Learnable-Speech: High-Quality 24kHz Speech Synthesis

An unofficial implementation based on improvements of CosyVoice with learnable encoder and DAC-VAE.

Demo

This Space provides a demo interface for the Learnable-Speech model. Currently, it shows a placeholder implementation. To use the actual trained model, you would need to:

  1. Train the model using the provided training pipeline
  2. Upload the trained checkpoints
  3. Replace the placeholder inference code with actual model loading and inference

Features

  • 24kHz Audio Support: High-quality audio generation at 24kHz sampling rate
  • Flow matching AE: Flow matching training for autoencoders
  • Immiscible assignment: Support immiscible adding noise while training
  • Contrastive Flow matching: Support Contrastive training
  • Checkpoint release: Release LLM and Contrastive FM checkpoint
  • MeanFlow: Meanflow for FM model

Architecture

Stage 1: Audio to Discrete Tokens

Converts raw audio into discrete representations using the FSQ (S3Tokenizer) framework.

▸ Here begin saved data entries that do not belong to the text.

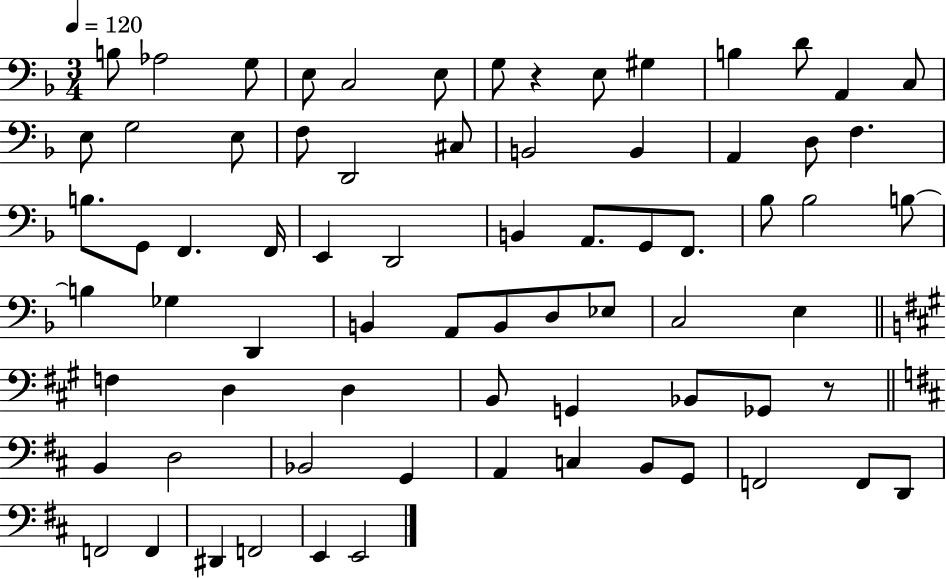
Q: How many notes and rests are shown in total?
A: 73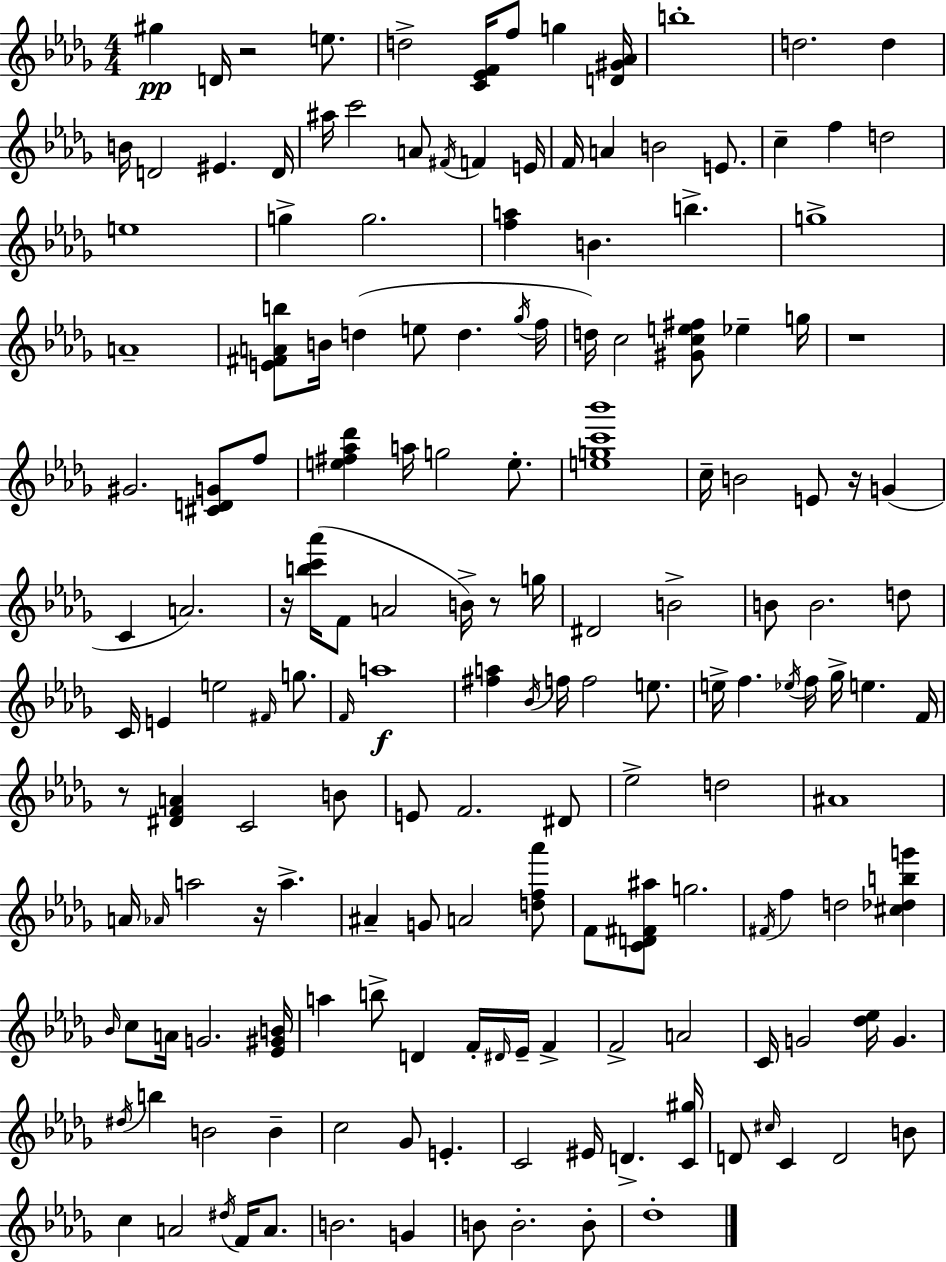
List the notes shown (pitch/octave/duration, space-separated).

G#5/q D4/s R/h E5/e. D5/h [C4,Eb4,F4]/s F5/e G5/q [D4,G#4,Ab4]/s B5/w D5/h. D5/q B4/s D4/h EIS4/q. D4/s A#5/s C6/h A4/e F#4/s F4/q E4/s F4/s A4/q B4/h E4/e. C5/q F5/q D5/h E5/w G5/q G5/h. [F5,A5]/q B4/q. B5/q. G5/w A4/w [E4,F#4,A4,B5]/e B4/s D5/q E5/e D5/q. Gb5/s F5/s D5/s C5/h [G#4,C5,E5,F#5]/e Eb5/q G5/s R/w G#4/h. [C#4,D4,G4]/e F5/e [E5,F#5,Ab5,Db6]/q A5/s G5/h E5/e. [E5,G5,C6,Bb6]/w C5/s B4/h E4/e R/s G4/q C4/q A4/h. R/s [B5,C6,Ab6]/s F4/e A4/h B4/s R/e G5/s D#4/h B4/h B4/e B4/h. D5/e C4/s E4/q E5/h F#4/s G5/e. F4/s A5/w [F#5,A5]/q Bb4/s F5/s F5/h E5/e. E5/s F5/q. Eb5/s F5/s Gb5/s E5/q. F4/s R/e [D#4,F4,A4]/q C4/h B4/e E4/e F4/h. D#4/e Eb5/h D5/h A#4/w A4/s Ab4/s A5/h R/s A5/q. A#4/q G4/e A4/h [D5,F5,Ab6]/e F4/e [C4,D4,F#4,A#5]/e G5/h. F#4/s F5/q D5/h [C#5,Db5,B5,G6]/q Bb4/s C5/e A4/s G4/h. [Eb4,G#4,B4]/s A5/q B5/e D4/q F4/s D#4/s Eb4/s F4/q F4/h A4/h C4/s G4/h [Db5,Eb5]/s G4/q. D#5/s B5/q B4/h B4/q C5/h Gb4/e E4/q. C4/h EIS4/s D4/q. [C4,G#5]/s D4/e C#5/s C4/q D4/h B4/e C5/q A4/h D#5/s F4/s A4/e. B4/h. G4/q B4/e B4/h. B4/e Db5/w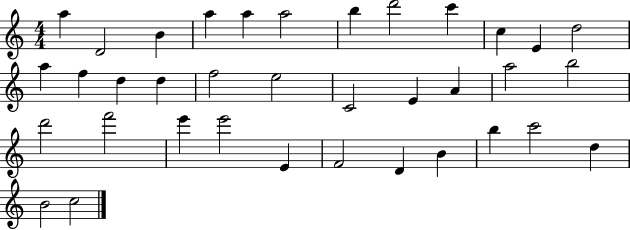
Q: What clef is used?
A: treble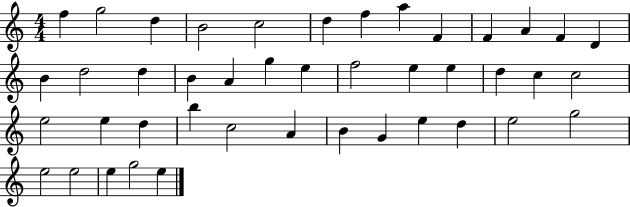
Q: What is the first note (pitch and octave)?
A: F5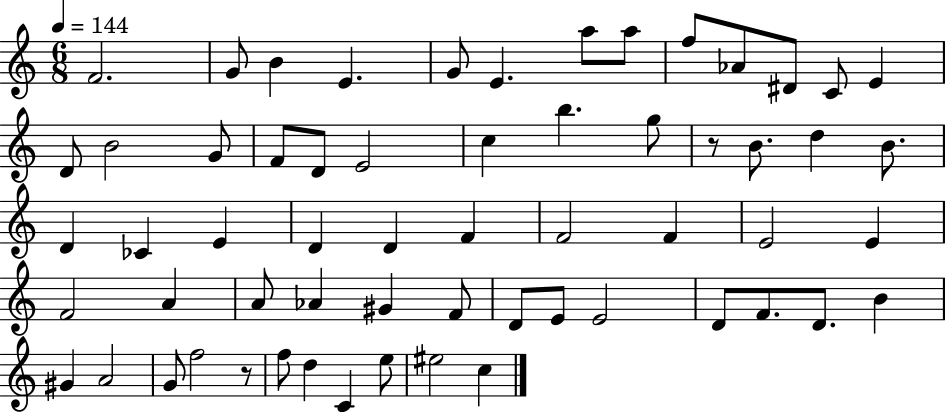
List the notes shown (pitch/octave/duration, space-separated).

Stage 2: Discrete Tokens to Continuous Latent Space

Maps discrete tokens to a continuous latent space using a Variational Autoencoder (VAE).

Links

Usage

  1. Enter text in the text box
  2. Select a speaker ID (0-10)
  3. Click "Generate Speech" to synthesize audio

Note: This is currently a placeholder demo. The actual model requires training first.